SkyMaintain: A Deterministic Regulatory-Aware AI Platform for Predictive Aircraft Maintenance

Abstract

Aircraft maintenance systems are increasingly challenged by growing system complexity, expanding data streams, and stringent regulatory oversight. While predictive maintenance methodologies have advanced through statistical learning and machine intelligence, existing solutions often lack integration with formal regulatory frameworks and structured explainability—both of which are essential in safety-critical aviation environments.

This paper presents SkyMaintain, a deterministic regulatory-aware predictive maintenance platform designed specifically for aviation systems. The platform integrates multivariate time-series modeling, probabilistic failure estimation, and anomaly detection within a layered architecture that embeds structured regulatory logic into the predictive inference pipeline. By intersecting machine learning outputs with encoded compliance constraints derived from aviation regulatory standards, SkyMaintain ensures that recommendations are both statistically informed and operationally permissible.
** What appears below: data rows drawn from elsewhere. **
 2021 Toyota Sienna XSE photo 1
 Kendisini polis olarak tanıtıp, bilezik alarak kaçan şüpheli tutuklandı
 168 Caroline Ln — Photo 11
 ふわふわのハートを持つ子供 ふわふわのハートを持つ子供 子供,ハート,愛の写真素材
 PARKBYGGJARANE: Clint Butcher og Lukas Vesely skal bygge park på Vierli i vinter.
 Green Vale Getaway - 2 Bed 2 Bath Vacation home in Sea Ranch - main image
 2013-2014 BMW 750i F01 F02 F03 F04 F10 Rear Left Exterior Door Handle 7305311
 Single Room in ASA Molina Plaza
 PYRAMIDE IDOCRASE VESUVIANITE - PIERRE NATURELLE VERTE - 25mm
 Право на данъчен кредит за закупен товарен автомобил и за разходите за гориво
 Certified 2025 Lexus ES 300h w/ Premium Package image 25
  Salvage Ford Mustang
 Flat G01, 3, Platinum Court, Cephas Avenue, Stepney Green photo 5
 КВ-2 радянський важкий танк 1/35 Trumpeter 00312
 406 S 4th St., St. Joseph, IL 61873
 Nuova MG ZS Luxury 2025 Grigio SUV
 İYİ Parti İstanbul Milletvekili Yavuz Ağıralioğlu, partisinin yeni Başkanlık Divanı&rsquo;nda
The system further incorporates a domain knowledge graph to enhance interpretability, a microservices-based implementation architecture for scalable deployment, and a zero-trust cybersecurity framework suitable for commercial, military, and executive fleet environments. A constrained optimization formulation is introduced to formalize the interaction between predictive intelligence and deterministic regulatory filtering.

Through this hybrid architecture, SkyMaintain advances predictive maintenance from a purely analytical exercise to a compliance-aware governance framework. The proposed approach contributes to the design of explainable, regulatorily aligned AI systems for aviation maintenance and establishes a foundation for future empirical validation in operational fleet environments.